▶ _ACTIVITY_
Given the records below, the lines starting at the line with "В Унцукульском районе" and ending at the line with "Photo of 2009" should be output exactly, both end lines kept and pictures left out.

▶ _PROVIDED RECORDS_
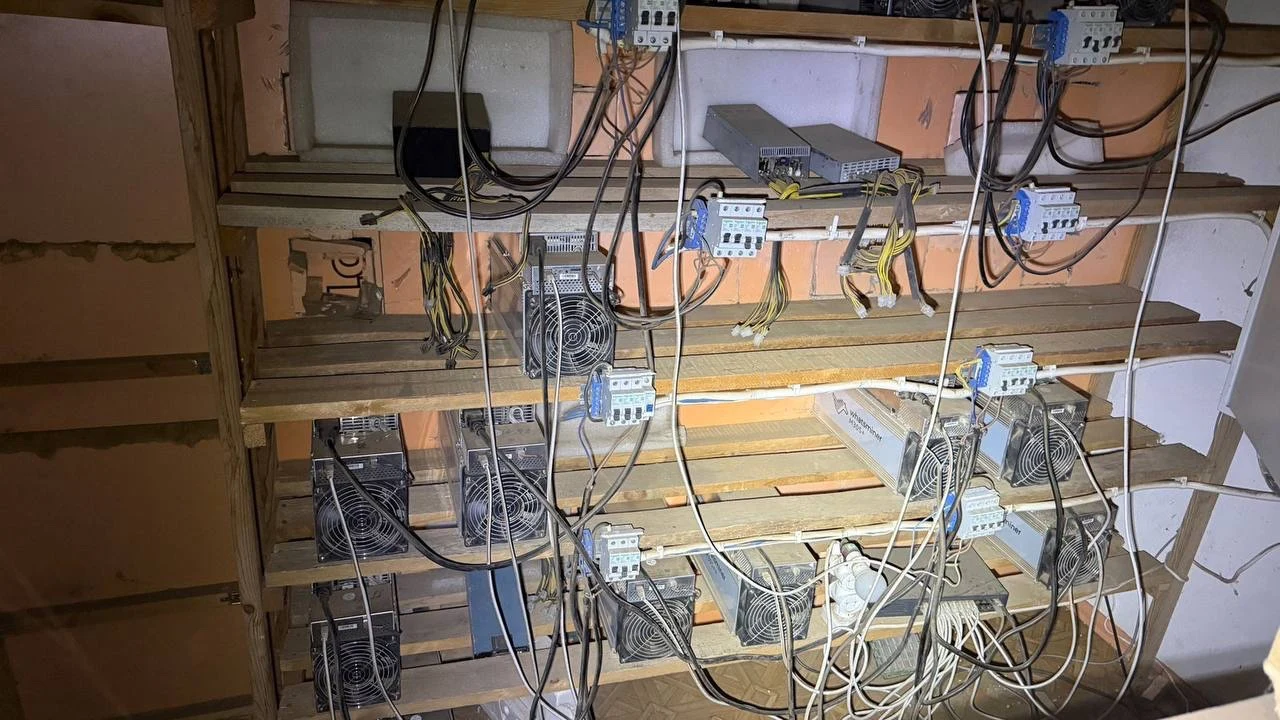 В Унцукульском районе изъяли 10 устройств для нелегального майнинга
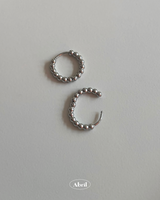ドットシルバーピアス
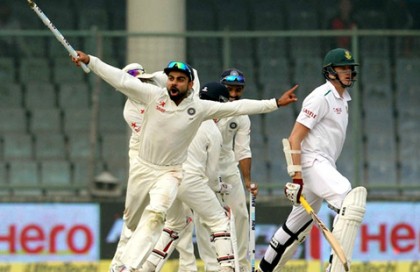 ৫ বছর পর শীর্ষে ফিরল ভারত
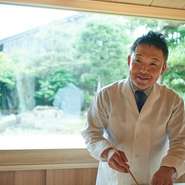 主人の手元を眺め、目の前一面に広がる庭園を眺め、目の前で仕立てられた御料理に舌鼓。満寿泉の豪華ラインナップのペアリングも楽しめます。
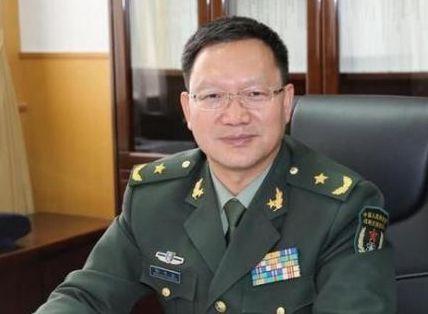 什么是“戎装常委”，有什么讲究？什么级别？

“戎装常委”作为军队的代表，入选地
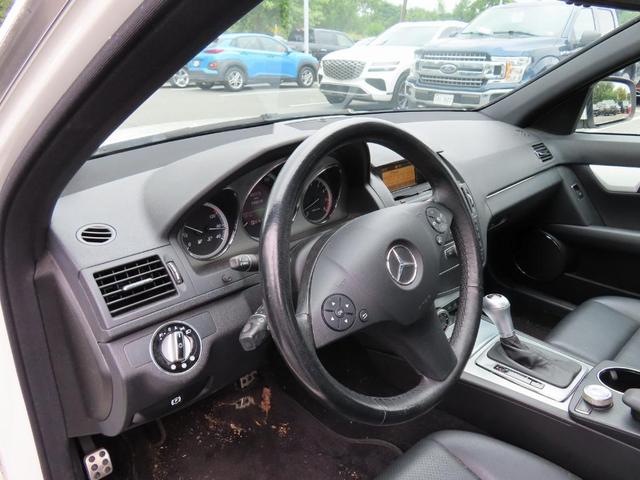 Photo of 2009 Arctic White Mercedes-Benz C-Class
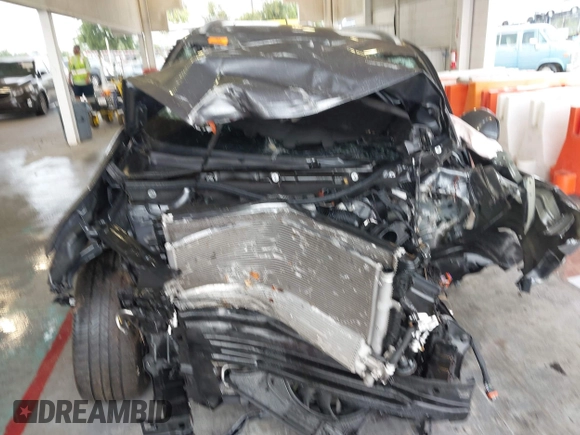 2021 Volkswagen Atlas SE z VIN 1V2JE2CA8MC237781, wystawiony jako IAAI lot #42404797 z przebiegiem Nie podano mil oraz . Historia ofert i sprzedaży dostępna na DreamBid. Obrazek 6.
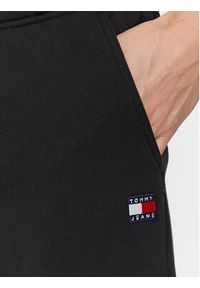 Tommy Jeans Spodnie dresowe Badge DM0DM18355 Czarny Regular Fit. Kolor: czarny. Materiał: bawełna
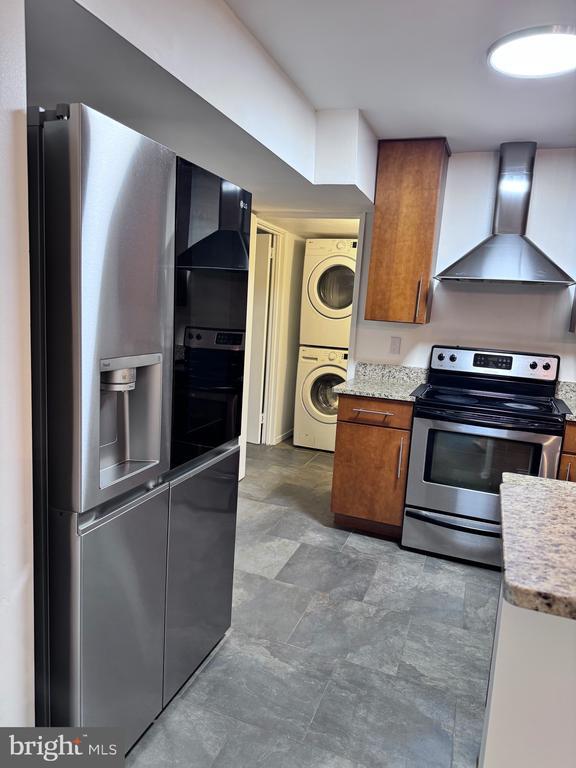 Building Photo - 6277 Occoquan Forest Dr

...

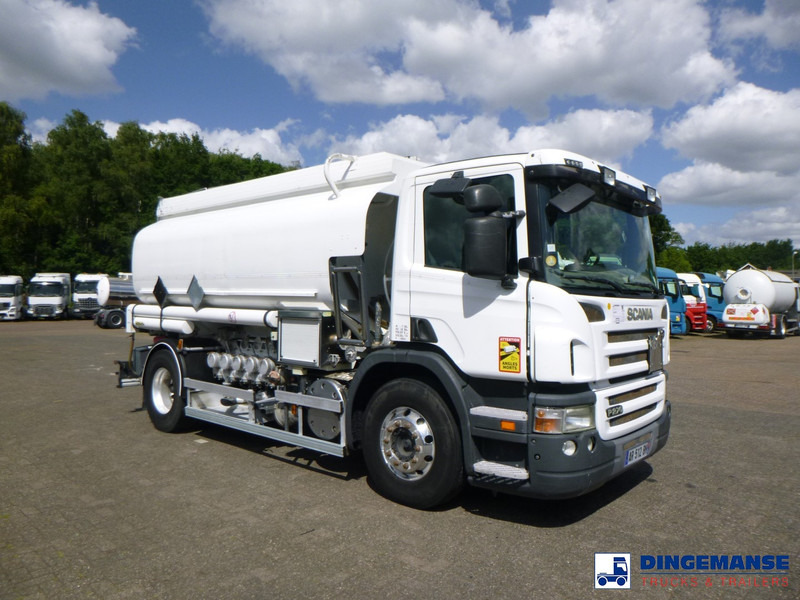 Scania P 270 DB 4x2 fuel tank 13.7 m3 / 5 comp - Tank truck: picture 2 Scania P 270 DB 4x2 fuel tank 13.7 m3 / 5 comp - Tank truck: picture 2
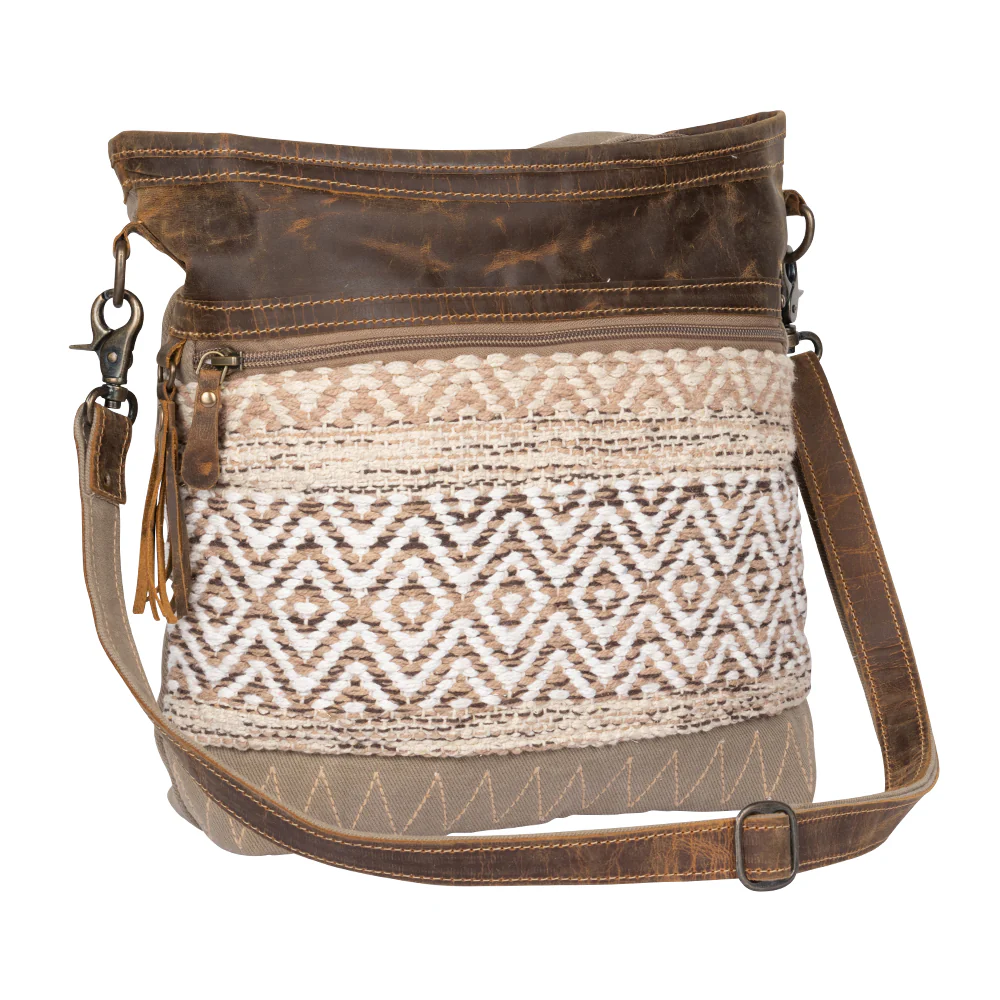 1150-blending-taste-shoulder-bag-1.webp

...

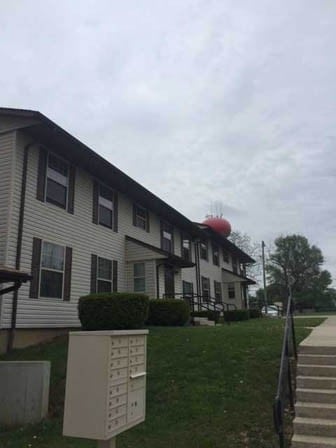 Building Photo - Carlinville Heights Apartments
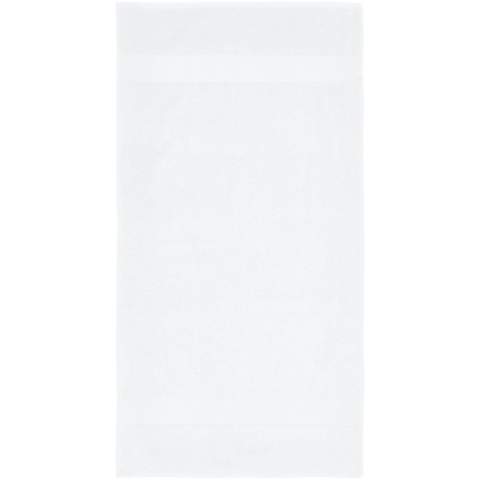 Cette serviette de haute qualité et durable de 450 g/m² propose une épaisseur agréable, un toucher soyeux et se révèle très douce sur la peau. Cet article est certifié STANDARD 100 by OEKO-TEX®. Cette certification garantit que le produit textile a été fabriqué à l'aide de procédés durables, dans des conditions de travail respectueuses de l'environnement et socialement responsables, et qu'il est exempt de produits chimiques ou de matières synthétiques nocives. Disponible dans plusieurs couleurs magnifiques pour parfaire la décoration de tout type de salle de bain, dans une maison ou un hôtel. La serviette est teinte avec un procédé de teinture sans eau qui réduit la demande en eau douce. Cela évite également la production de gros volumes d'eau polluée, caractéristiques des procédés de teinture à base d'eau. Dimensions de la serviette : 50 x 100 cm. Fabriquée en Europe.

▶ _EXERCISE OUTPUT_
 В Унцукульском районе изъяли 10 устройств для нелегального майнинга
ドットシルバーピアス
 ৫ বছর পর শীর্ষে ফিরল ভারত
 主人の手元を眺め、目の前一面に広がる庭園を眺め、目の前で仕立てられた御料理に舌鼓。満寿泉の豪華ラインナップのペアリングも楽しめます。
 什么是“戎装常委”，有什么讲究？什么级别？

“戎装常委”作为军队的代表，入选地
 Photo of 2009 Arctic White Mercedes-Benz C-Class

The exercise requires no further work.